--- Data section Enclosed Below ---

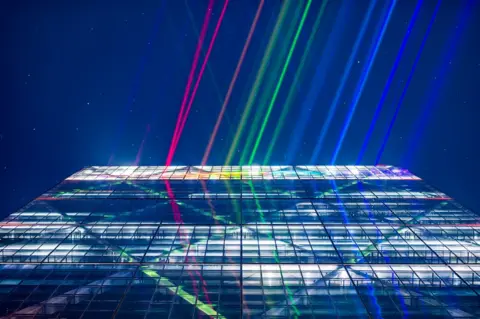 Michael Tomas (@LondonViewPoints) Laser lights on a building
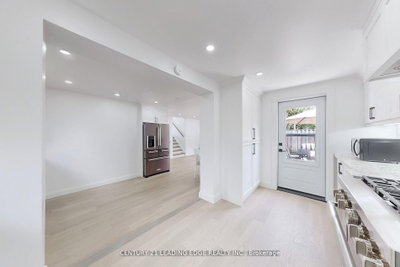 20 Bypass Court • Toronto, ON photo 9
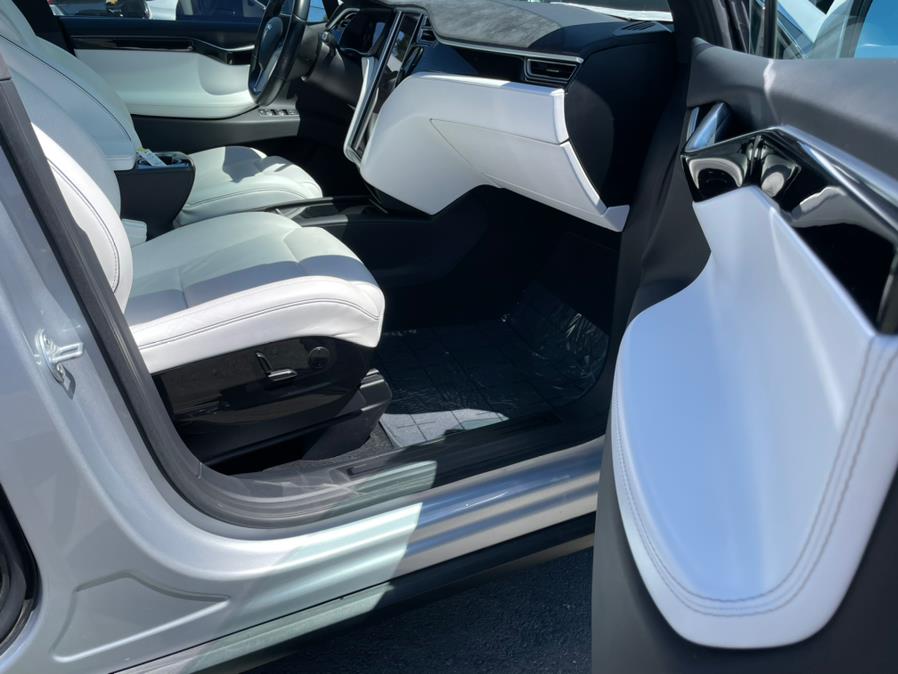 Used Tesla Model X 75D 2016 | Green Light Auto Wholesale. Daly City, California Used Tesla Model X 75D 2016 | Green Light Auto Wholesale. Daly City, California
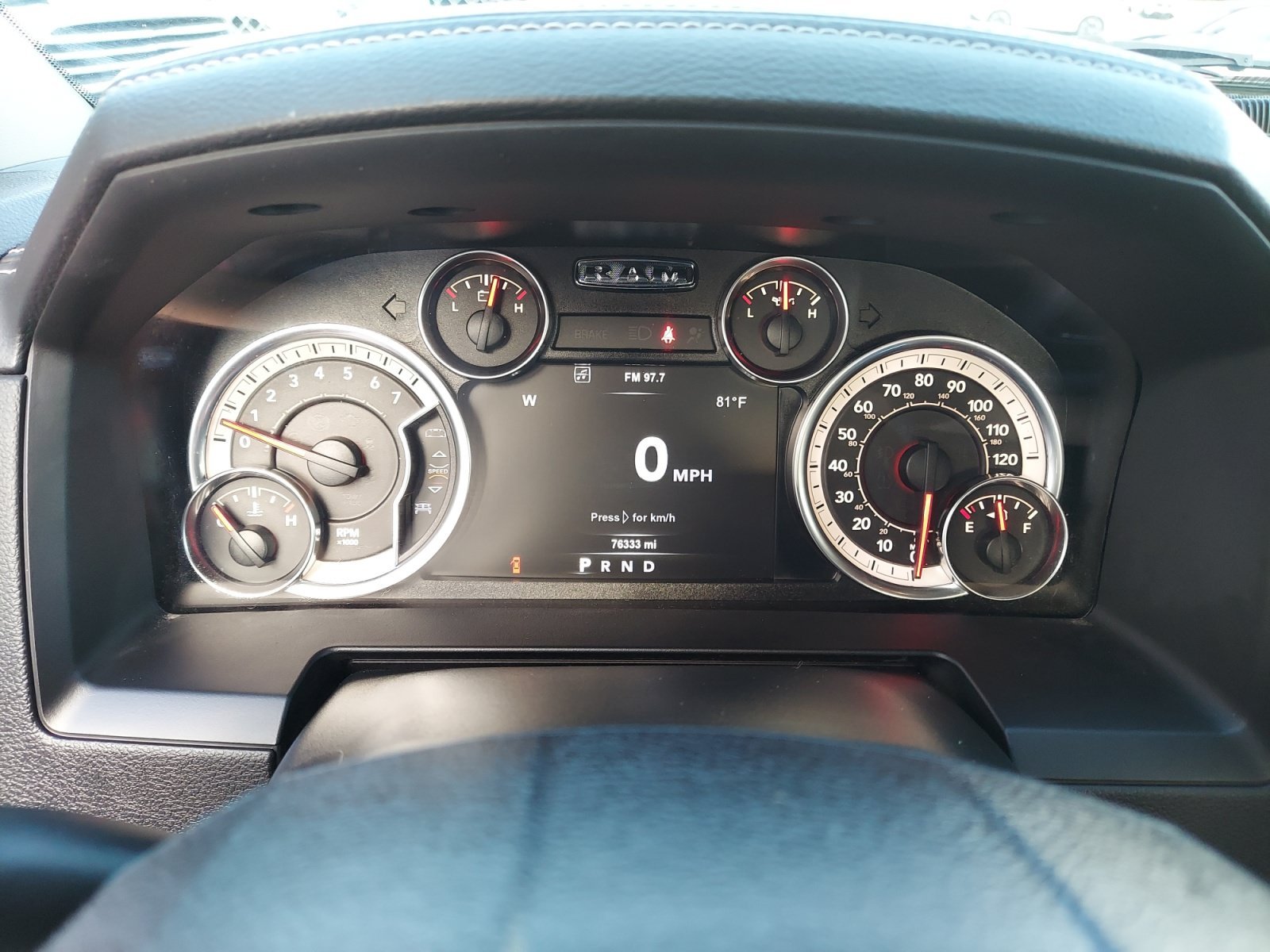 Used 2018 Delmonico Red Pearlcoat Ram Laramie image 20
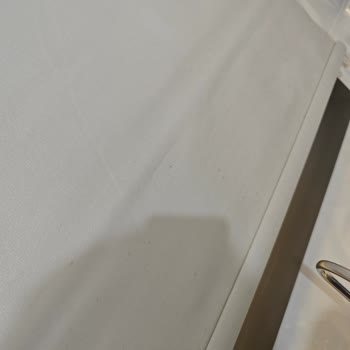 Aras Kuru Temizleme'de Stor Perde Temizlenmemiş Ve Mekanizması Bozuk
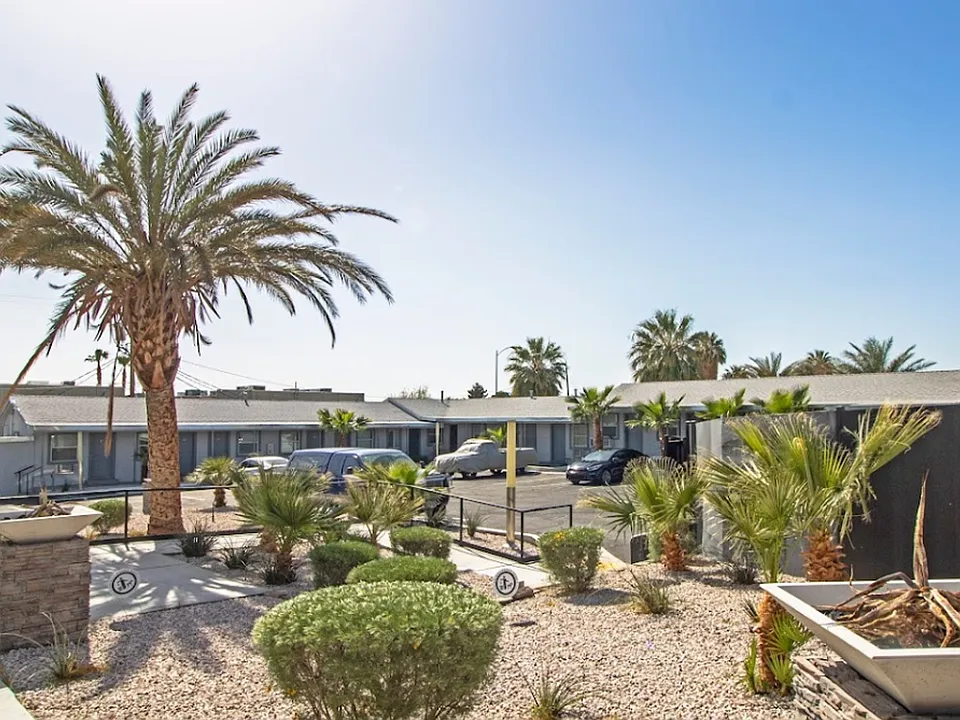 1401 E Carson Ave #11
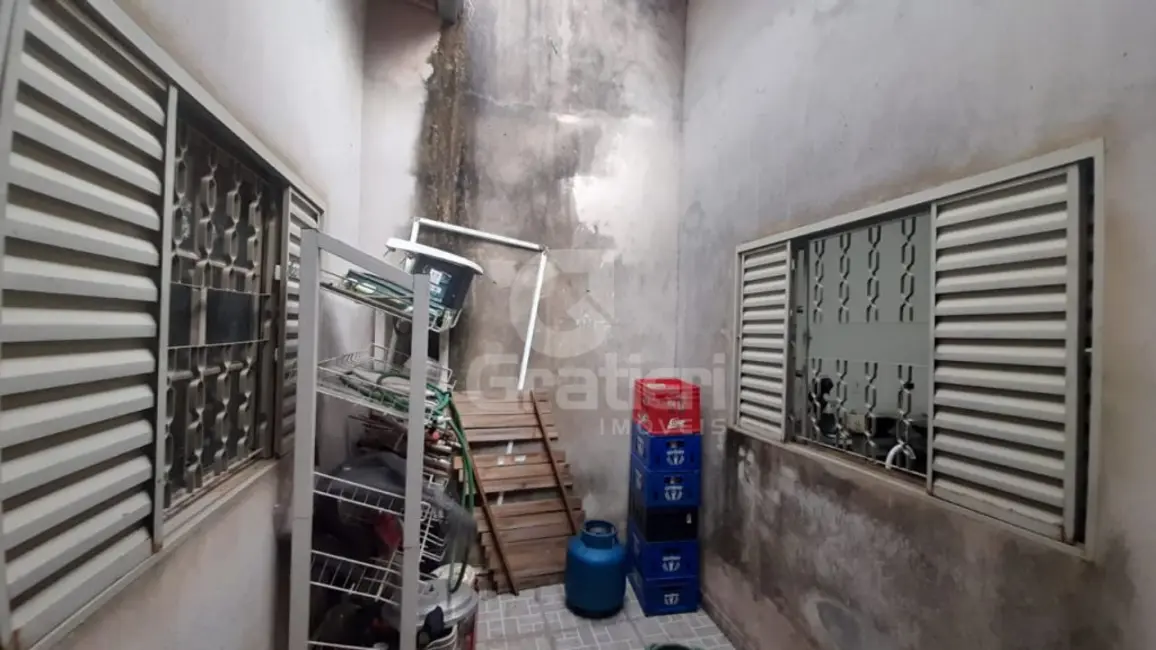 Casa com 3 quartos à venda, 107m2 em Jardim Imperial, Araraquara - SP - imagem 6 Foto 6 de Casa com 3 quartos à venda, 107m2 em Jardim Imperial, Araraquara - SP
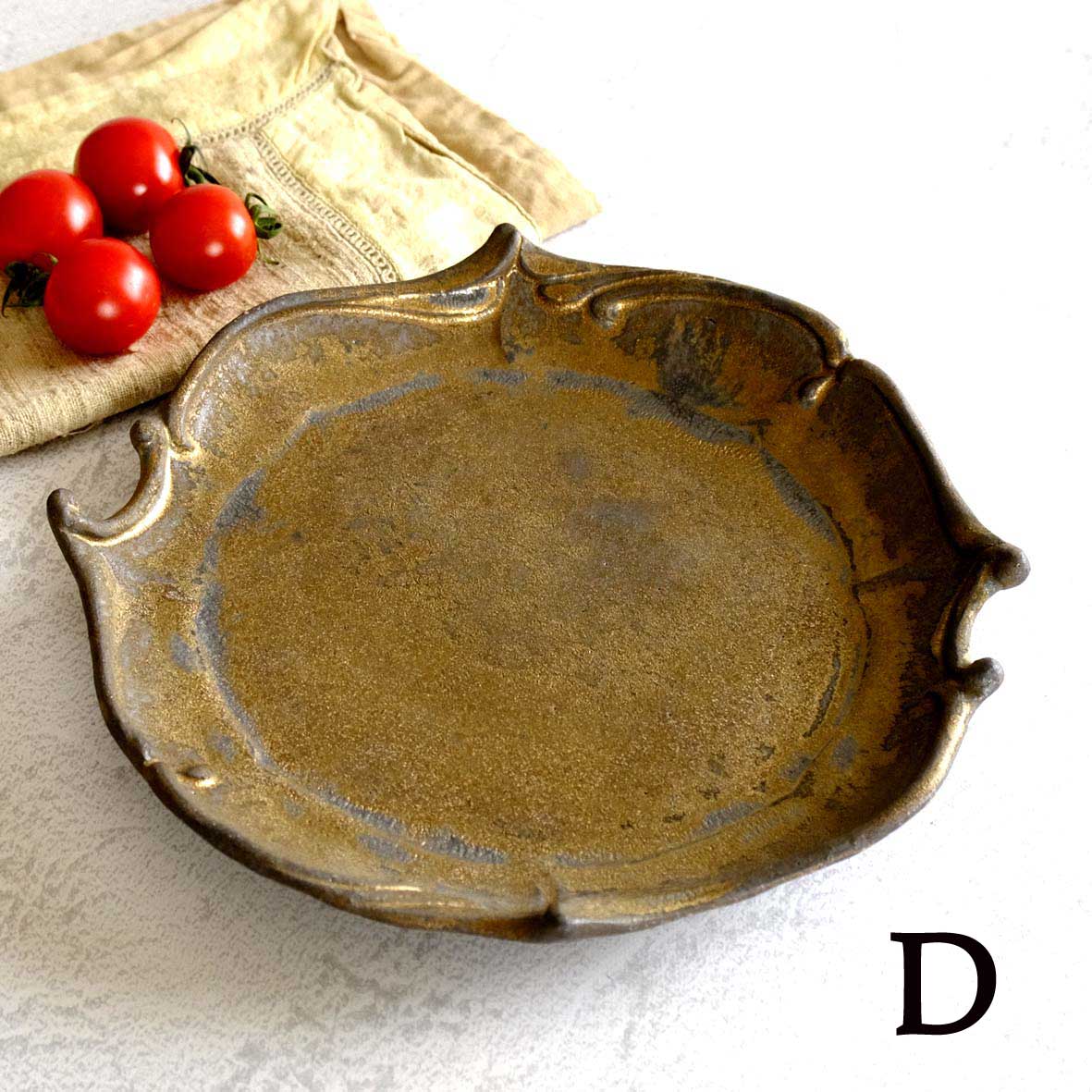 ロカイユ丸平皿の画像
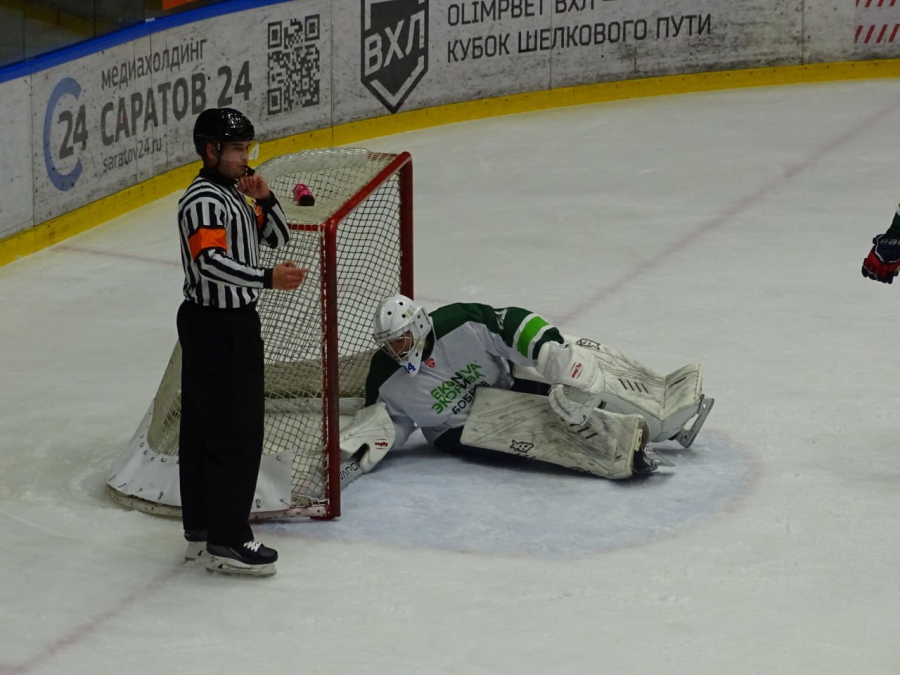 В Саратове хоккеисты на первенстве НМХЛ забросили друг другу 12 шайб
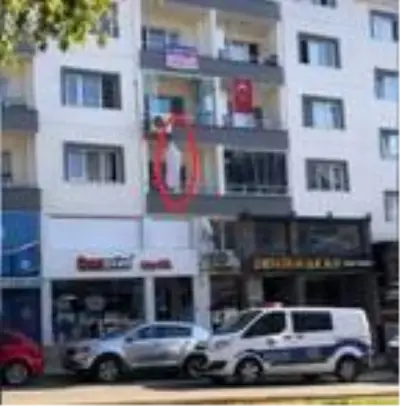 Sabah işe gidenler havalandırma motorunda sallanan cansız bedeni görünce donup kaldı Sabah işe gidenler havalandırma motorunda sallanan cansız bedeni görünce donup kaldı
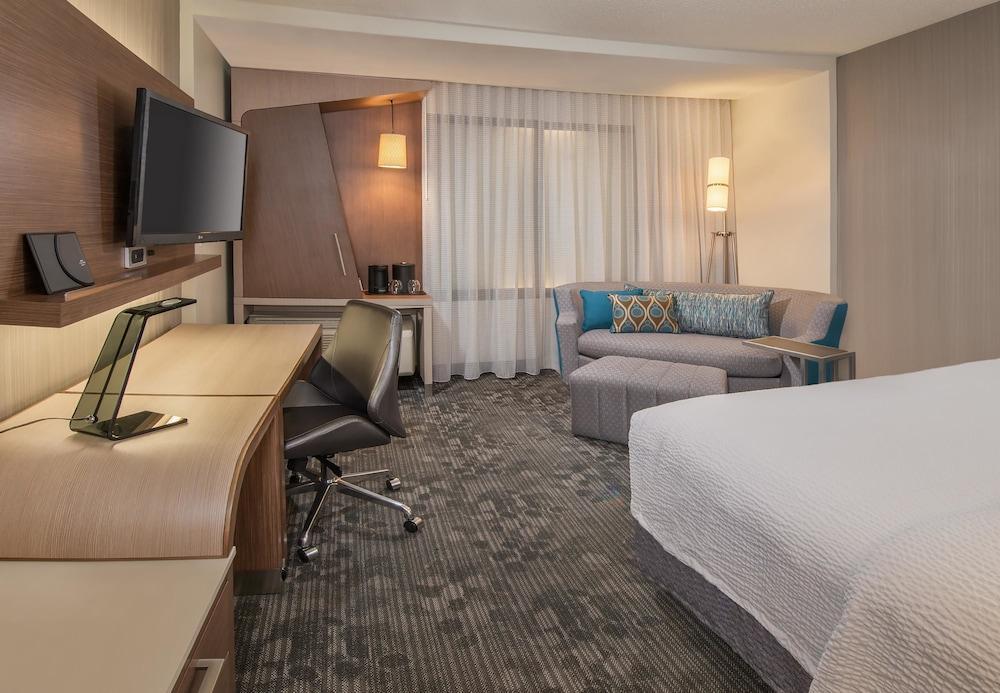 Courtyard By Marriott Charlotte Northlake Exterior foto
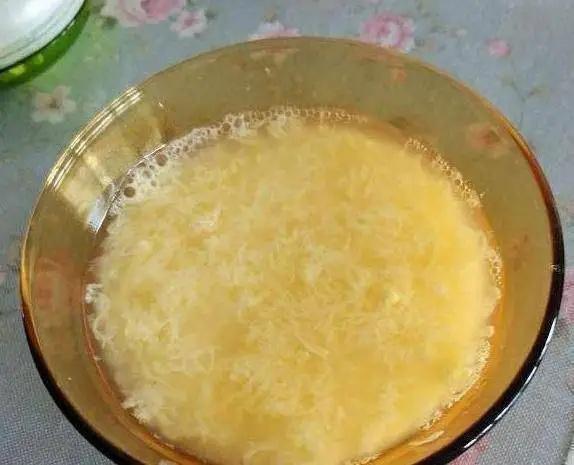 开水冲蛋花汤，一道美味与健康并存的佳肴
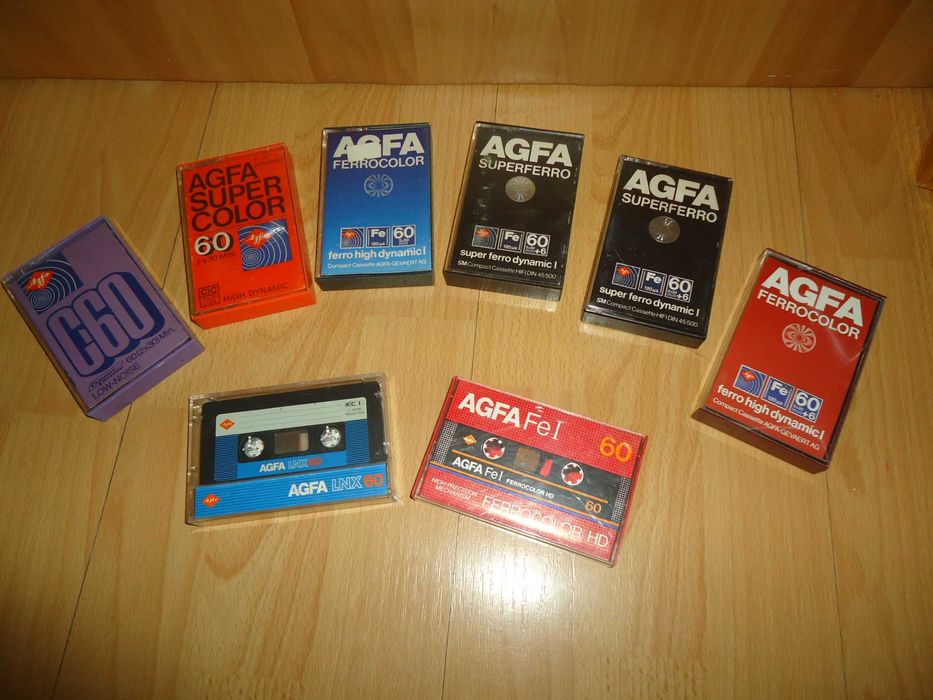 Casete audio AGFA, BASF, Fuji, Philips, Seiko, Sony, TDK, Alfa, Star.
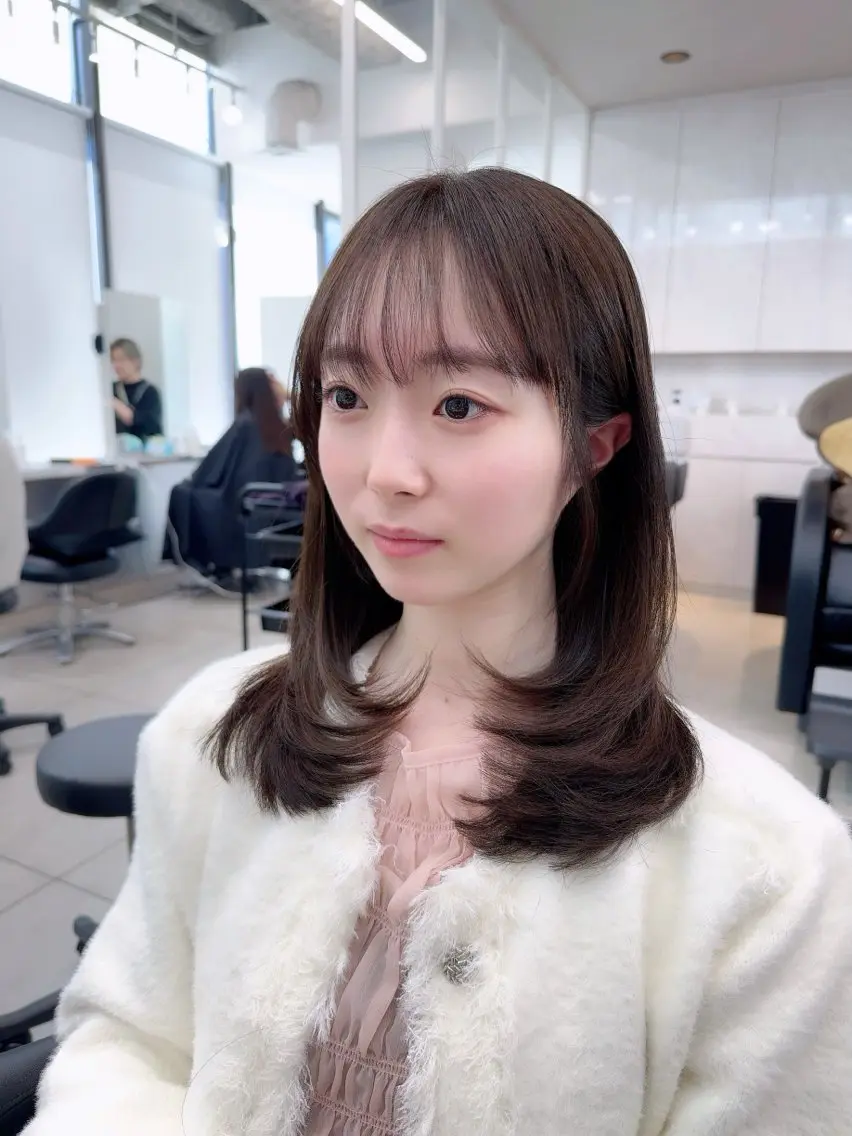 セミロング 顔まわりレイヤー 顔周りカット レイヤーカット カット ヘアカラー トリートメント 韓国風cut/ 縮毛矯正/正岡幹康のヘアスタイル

--- End of Enclosed Data section ---

## Aim of the exercise
Retype only the lines from the line with "TDK, Alfa, Star." through the last line of the data. Keep both ends and skip the pictures.

## Output of the task
 Casete audio AGFA, BASF, Fuji, Philips, Seiko, Sony, TDK, Alfa, Star.
 セミロング 顔まわりレイヤー 顔周りカット レイヤーカット カット ヘアカラー トリートメント 韓国風cut/ 縮毛矯正/正岡幹康のヘアスタイル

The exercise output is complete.